## RECORDED INFORMATION:
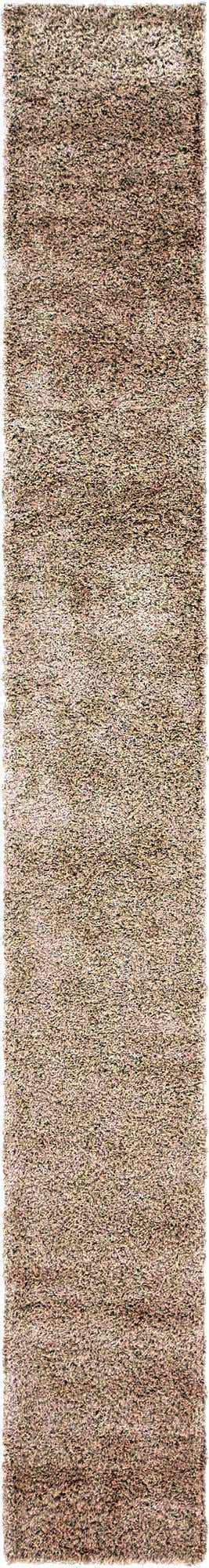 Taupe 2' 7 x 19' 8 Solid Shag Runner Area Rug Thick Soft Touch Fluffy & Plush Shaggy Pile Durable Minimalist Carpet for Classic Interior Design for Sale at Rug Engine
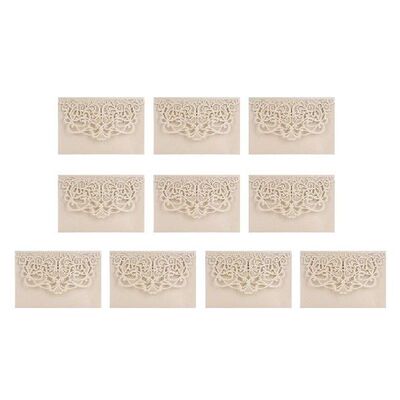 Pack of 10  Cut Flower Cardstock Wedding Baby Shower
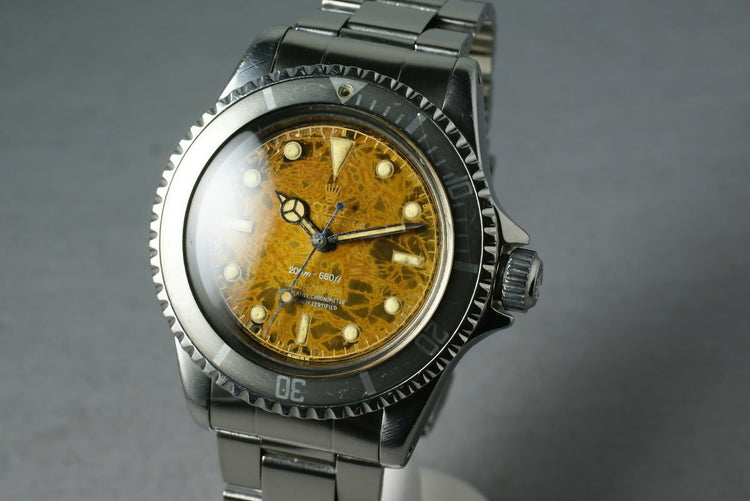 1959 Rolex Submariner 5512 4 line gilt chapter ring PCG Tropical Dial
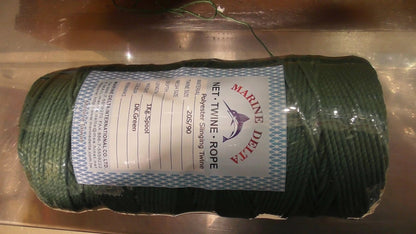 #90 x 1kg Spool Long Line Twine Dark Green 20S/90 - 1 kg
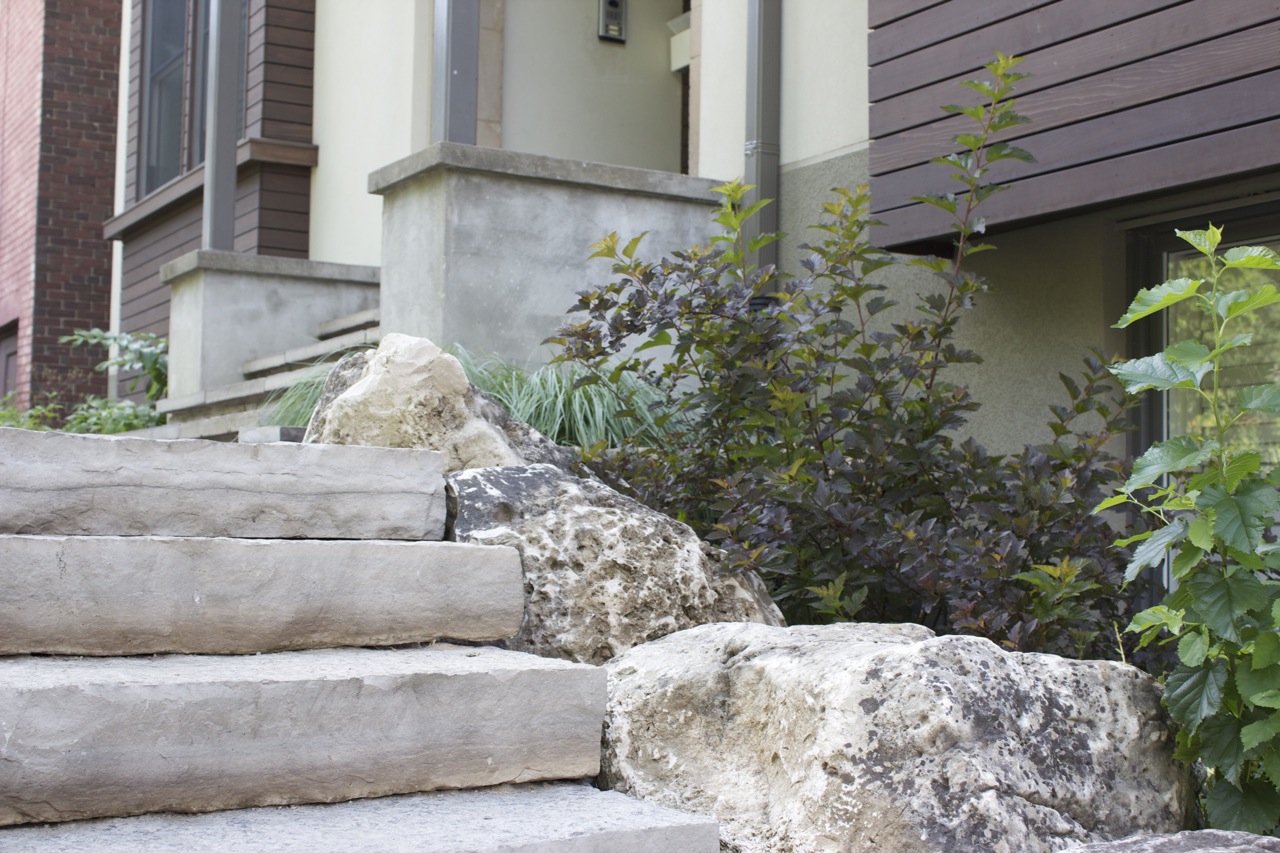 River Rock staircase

## HOW TO COMPLETE THIS TASK:
From the line that contains "#90 x 1kg Spool" down to the last line of the entries above, copy every line exactly and leave out the pictures.

## OUTPUT FOR THIS TASK:
 #90 x 1kg Spool Long Line Twine Dark Green 20S/90 - 1 kg
 River Rock staircase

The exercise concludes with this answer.